Only the lines below from the one containing "屋外ダイニングエリア. ゆったり1LDK+15帖ロフト Comfortable" to the one containing "Urban Turtle Boys" should be repeated, both included and unchanged.

DATA —
"""

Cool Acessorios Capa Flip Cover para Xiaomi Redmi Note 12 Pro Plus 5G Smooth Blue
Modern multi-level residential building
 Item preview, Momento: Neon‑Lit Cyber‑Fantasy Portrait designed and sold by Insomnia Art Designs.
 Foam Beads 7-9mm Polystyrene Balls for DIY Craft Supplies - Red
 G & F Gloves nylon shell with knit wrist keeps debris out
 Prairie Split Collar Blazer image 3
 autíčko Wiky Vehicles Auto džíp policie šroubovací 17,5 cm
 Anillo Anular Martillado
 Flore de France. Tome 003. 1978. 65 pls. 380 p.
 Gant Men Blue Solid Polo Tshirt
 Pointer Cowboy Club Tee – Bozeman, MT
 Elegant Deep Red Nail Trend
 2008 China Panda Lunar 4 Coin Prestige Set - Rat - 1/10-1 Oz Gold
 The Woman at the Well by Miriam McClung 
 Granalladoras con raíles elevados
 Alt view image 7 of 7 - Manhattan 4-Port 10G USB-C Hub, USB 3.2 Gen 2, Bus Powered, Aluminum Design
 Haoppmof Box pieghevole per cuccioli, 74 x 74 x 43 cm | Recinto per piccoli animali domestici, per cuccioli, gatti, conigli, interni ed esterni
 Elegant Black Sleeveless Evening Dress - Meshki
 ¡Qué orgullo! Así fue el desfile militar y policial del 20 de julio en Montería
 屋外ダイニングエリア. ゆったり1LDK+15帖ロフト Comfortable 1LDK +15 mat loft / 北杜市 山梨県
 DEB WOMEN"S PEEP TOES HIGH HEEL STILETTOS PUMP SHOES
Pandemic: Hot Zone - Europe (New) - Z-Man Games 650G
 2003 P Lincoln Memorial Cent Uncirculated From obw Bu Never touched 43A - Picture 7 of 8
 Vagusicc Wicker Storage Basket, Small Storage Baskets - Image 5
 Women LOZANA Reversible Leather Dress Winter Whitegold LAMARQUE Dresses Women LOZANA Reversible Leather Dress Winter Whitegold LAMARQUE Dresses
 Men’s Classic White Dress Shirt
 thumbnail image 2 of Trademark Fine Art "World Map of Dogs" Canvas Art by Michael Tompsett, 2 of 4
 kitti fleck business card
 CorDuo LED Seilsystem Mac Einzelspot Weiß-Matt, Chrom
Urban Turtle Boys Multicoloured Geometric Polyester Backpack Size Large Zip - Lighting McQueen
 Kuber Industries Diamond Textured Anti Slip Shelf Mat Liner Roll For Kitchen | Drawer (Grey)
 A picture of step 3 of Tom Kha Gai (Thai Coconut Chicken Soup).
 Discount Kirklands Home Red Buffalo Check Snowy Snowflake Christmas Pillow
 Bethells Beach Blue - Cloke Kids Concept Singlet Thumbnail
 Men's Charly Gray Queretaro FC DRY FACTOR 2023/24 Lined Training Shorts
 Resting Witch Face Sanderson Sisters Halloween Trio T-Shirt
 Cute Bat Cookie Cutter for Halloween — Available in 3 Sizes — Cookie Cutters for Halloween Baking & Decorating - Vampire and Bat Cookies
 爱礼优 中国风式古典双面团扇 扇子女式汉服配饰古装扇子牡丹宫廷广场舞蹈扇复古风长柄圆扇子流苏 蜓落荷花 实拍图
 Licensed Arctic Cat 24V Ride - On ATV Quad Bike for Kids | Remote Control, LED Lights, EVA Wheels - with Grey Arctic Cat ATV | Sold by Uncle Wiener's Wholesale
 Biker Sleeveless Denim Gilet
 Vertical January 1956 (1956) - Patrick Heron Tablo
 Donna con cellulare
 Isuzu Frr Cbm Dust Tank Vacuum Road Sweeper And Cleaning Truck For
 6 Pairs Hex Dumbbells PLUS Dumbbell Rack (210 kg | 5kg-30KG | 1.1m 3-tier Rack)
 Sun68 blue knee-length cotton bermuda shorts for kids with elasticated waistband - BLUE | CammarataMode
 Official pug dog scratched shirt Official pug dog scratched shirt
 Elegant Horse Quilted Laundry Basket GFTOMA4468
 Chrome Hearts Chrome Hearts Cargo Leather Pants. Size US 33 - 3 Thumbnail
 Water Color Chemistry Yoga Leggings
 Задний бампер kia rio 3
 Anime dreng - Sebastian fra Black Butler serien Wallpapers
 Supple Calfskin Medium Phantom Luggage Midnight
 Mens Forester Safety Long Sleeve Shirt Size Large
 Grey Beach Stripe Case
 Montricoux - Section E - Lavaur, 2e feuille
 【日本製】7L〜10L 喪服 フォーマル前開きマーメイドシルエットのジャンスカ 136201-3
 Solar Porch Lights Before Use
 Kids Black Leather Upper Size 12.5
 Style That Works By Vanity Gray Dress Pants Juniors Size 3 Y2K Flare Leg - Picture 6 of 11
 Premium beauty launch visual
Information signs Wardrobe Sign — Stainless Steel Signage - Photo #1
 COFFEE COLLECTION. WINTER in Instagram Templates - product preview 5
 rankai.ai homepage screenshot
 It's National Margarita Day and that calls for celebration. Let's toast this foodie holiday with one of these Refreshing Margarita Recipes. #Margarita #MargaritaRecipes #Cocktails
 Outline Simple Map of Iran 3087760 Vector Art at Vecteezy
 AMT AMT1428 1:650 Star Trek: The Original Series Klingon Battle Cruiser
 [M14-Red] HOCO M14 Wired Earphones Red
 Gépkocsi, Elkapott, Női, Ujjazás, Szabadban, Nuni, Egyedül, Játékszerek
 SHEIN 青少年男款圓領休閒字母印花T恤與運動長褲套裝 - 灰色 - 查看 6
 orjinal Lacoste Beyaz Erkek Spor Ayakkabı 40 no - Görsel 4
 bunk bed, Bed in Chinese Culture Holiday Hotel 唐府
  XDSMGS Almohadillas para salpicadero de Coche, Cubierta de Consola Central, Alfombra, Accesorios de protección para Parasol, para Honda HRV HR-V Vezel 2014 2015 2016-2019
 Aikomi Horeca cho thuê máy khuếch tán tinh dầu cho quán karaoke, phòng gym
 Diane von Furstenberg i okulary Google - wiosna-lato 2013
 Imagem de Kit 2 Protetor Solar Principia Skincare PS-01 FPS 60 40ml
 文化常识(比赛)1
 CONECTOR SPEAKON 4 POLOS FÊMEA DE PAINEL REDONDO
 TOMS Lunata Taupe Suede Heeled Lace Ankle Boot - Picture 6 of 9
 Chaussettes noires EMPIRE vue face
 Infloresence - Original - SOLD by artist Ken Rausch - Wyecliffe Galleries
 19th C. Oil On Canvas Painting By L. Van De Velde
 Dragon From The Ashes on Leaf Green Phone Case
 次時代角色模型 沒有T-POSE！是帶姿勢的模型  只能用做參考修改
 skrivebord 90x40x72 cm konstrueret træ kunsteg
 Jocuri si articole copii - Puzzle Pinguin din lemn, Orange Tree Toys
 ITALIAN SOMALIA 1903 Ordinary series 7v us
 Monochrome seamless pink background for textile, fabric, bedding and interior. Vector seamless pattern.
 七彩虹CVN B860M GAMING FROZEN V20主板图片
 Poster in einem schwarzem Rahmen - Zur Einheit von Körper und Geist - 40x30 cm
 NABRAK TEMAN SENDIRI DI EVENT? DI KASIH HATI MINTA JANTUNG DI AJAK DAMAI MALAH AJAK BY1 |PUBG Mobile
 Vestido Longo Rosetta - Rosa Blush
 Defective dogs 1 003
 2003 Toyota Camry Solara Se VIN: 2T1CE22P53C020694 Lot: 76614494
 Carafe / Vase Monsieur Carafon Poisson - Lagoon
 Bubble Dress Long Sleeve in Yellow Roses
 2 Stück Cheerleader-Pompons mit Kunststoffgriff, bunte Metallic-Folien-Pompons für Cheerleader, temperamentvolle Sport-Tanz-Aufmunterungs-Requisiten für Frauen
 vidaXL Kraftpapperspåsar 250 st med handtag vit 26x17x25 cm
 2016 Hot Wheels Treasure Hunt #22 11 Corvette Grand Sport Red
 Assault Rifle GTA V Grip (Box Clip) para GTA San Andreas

"""

OUTPUT FOR THIS TASK —
 屋外ダイニングエリア. ゆったり1LDK+15帖ロフト Comfortable 1LDK +15 mat loft / 北杜市 山梨県
 DEB WOMEN"S PEEP TOES HIGH HEEL STILETTOS PUMP SHOES
Pandemic: Hot Zone - Europe (New) - Z-Man Games 650G
 2003 P Lincoln Memorial Cent Uncirculated From obw Bu Never touched 43A - Picture 7 of 8
 Vagusicc Wicker Storage Basket, Small Storage Baskets - Image 5
 Women LOZANA Reversible Leather Dress Winter Whitegold LAMARQUE Dresses Women LOZANA Reversible Leather Dress Winter Whitegold LAMARQUE Dresses
 Men’s Classic White Dress Shirt
 thumbnail image 2 of Trademark Fine Art "World Map of Dogs" Canvas Art by Michael Tompsett, 2 of 4
 kitti fleck business card
 CorDuo LED Seilsystem Mac Einzelspot Weiß-Matt, Chrom
Urban Turtle Boys Multicoloured Geometric Polyester Backpack Size Large Zip - Lighting McQueen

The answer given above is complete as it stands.